With regard to the correlations between fatty acids in the maternal plasma of adolescents and adults, we found that total t FA and SFA were inversely correlated to relative concentrations of LA and to total EFA and n-6 PUFA levels. However, total t FA and SFA correlated positively with each other. These results can be justified by the mother’s habitual consumption of dietary sources of these fatty acids . An increase in consumption of processed products and fast food, which carry elevated levels of SFAs and t FAs, is generally accompanied by a reduction in consumption of n-6 and n-3 FAs food sources . In addition, a high intake of t FAs may alter maternal LC-PUFA status by reducing synthesis of AA, EPA and DHA fatty acids, especially by inhibiting the ∆6 desaturase enzyme, decreasing availability of these fatty acids to the fetus and, thus, compromising intrauterine development . Proper nutritional guidance during the prenatal stage could be a strategy to overcome the potential metabolic harms of these poor dietary practices .

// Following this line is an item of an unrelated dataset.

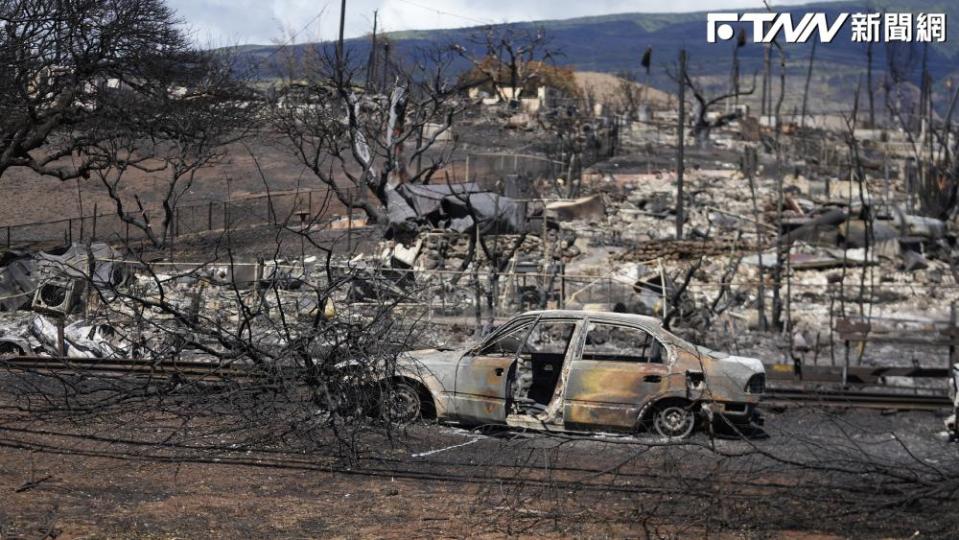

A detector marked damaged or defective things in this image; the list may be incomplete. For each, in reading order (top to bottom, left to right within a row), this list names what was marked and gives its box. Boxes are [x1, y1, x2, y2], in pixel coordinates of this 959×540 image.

burned car [382, 308, 764, 438]
rusted car body [386, 312, 768, 438]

Analysis of relative FA levels in the total lipids of the adolescent maternal plasma further revealed a negative correlation between LA and EPA proportions. In this regard, it is noteworthy that the ∆5 and ∆6 desaturase enzymes that act on PUFA desaturation have a greater affinity with the more unsaturated substrates, i.e., the n-3 family, followed by the n-6 and n-9 families. However, an increase in LA availability for these enzymes may impair desaturation of ALA to EPA and to DHA .
The standard diet of pregnant adolescents and adults in Brazil shows a prevalence of n-6 series fatty acid food sources, like vegetable oils, mainly soy oil, as opposed to n-3 sources, like fish and fish oil, resulting in a high n-6/n-3 ratio in their diet [37, 40].
Consistent with the inhibitory effect of t FA, as well as the fact that concentrations of this fatty acid in the fetal plasma are determined by maternal diet, a negative correlation was found between total t FA and total EFA and n-6 PUFA in the umbilical cord plasma of the adolescents, following the pattern of the maternal plasma. In the case of the cord plasma of the adult mothers, total t FA was shown to be inversely associated with AA and total n-6 PUFA, also similar to the maternal plasma of this group. Elias & Innis  observed an inverse relationship between dietary t FA and AA in the cholesterol esters of the umbilical cord plasma, as well as between t FA and DHA in the triacylglycerols, also in the umbilical cord plasma. It has been reported that trans isomers hamper placental transfer of LC-PUFA as they compete for the fatty acid-binding protein of the placental plasma membrane (FABPpm), lowering the fetal LC-PUFA status .
Our results do not indicate that t FAs interfere with the growth parameters of the newborn. These findings are consistent with data from previous studies which do not found an association between trans isomers and restricted intrauterine growth [12, 13, 29]. However, regarding n-3 LC-PUFA series, the relative concentration of DHA in the plasma of the adolescents associated positively with the weight and head circumference of the newborns. Recently, another study carried out by our group  found a positive and significant association between total n-3 PUFA in maternal milk and weight and length gain in preterm babies. This suggests that n-3 fatty acids have a greater influence on the proper development of the newborn, especially in situations of greater nutritional risk, like adolescent pregnancy and preterm birth.